A physician-administered drug is an outpatient drug other than a vaccine that is typically administered by a health care provider in a physician’s office or other outpatient clinical setting. For example, drugs that are infused or injected are typically physician-administered drugs. The provider bills the state Medicaid program for the drug using the appropriate national drug code (NDC) and Healthcare Common Procedure Coding System code. States may maintain a list of (1) which drugs are considered physician-administered drugs and must be provided in a clinical setting, and (2) which drugs are considered outpatient drugs and must be dispensed by a pharmacy.
Physician-administered drugs may also be eligible for a rebate as long as the drug meets the definition of a covered outpatient drug. The statute contains language that limits the definition of covered outpatient drugs to exclude drugs that are billed as part of a bundled service within certain settings (e.g., drugs provided as part of a clinic visit or hospital stay and are paid for as part of those services (§ 1927(k)(3)). This means that if a drug is provided as part of services received in one of the settings listed in the statute and is paid as part of those services (i.e., there is not direct payment for the drug), it is not subject to a rebate. However, if a state authorizes and makes a direct payment for the drug separately from the service in one of those settings, it can claim a rebate for that drug. This means that a physician-administered drug’s status as a covered outpatient drug subject to a rebate can vary from state to state, depending on how a state pays for the drug (CMS 2016).

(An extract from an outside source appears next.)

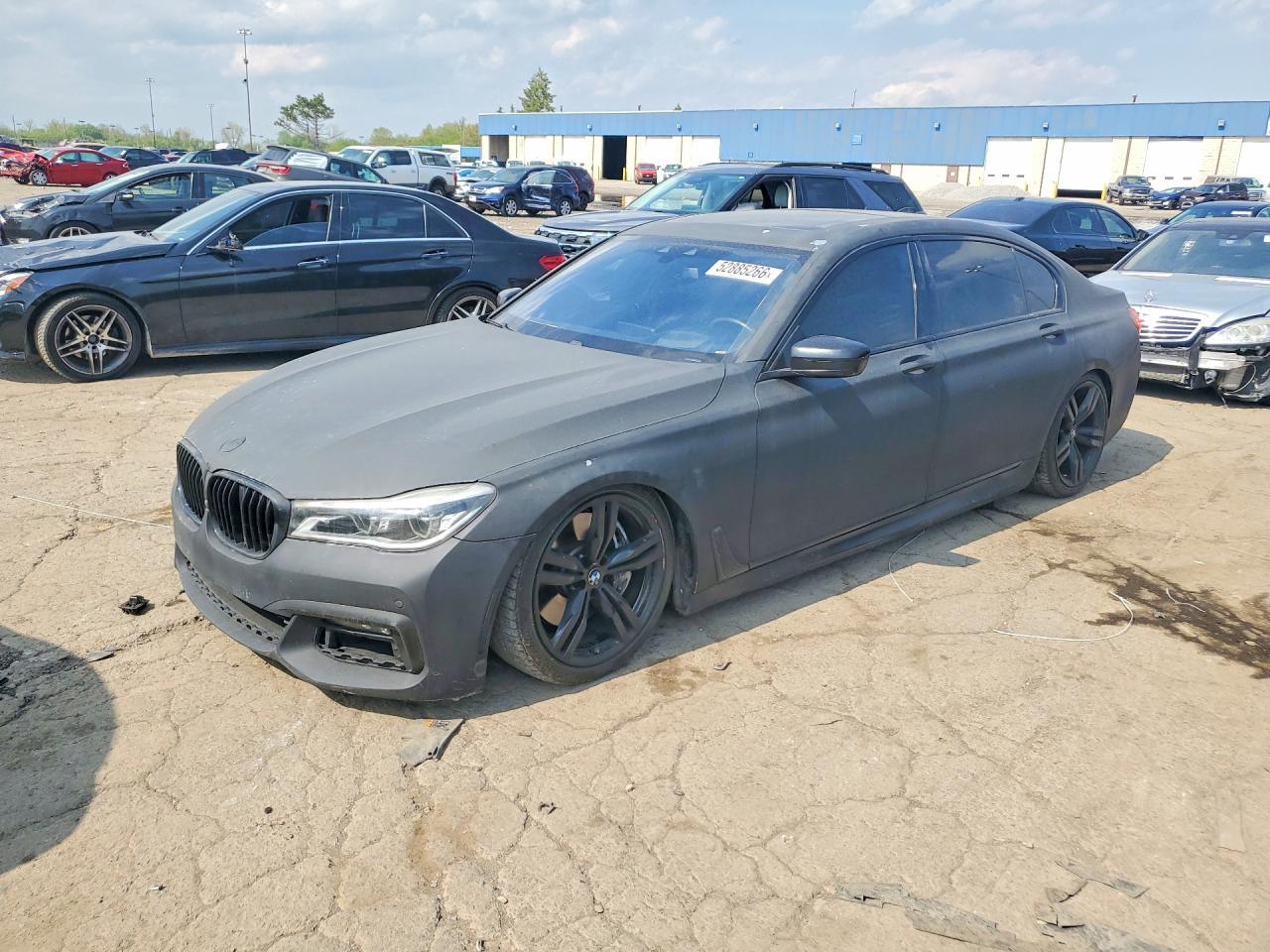 2016 BMW 750 I - zdjęcie główne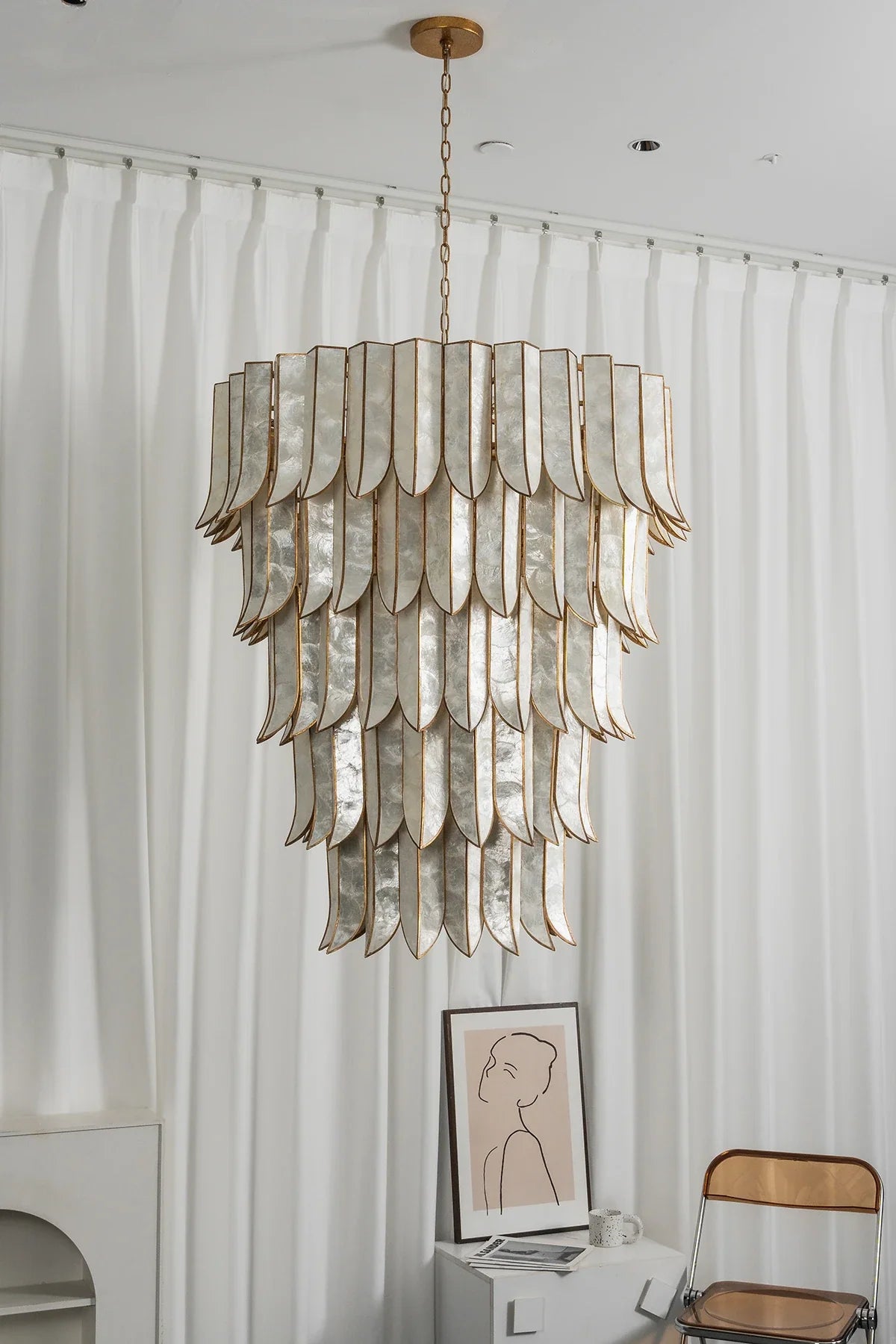 Cascara Capiz Shell Chandelier – Shell detail 16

Physician-administered drugs are not required to meet the actual acquisition cost and professional dispensing fee requirements placed on states for outpatient drugs dispensed at a pharmacy (42 CFR 447.512). The state’s payment methodology for physician-administered drugs must be approved by the Centers for Medicare & Medicaid Services (CMS) under the state plan. While professional dispensing fees do not apply for physician-administered drugs, the state can choose to pay an administrative fee for these drugs.
In order for states to receive federal matching funds for physician-administered drugs, they are required to collect NDCs that are necessary to claim rebates (§ 1927(a)(7)). NDCs identify the drug and manufacturer, which are needed to ensure that the correct manufacturer is billed for a rebate in the event that multiple manufacturers produce the same drug, as is the case for generic drugs. The statute requires states to collect NDCs for all brand drugs and for the 20 generic drugs that have the highest annual dollar value. In practice, however, states typically collect drug code information for all brand and generic physician-administered drugs.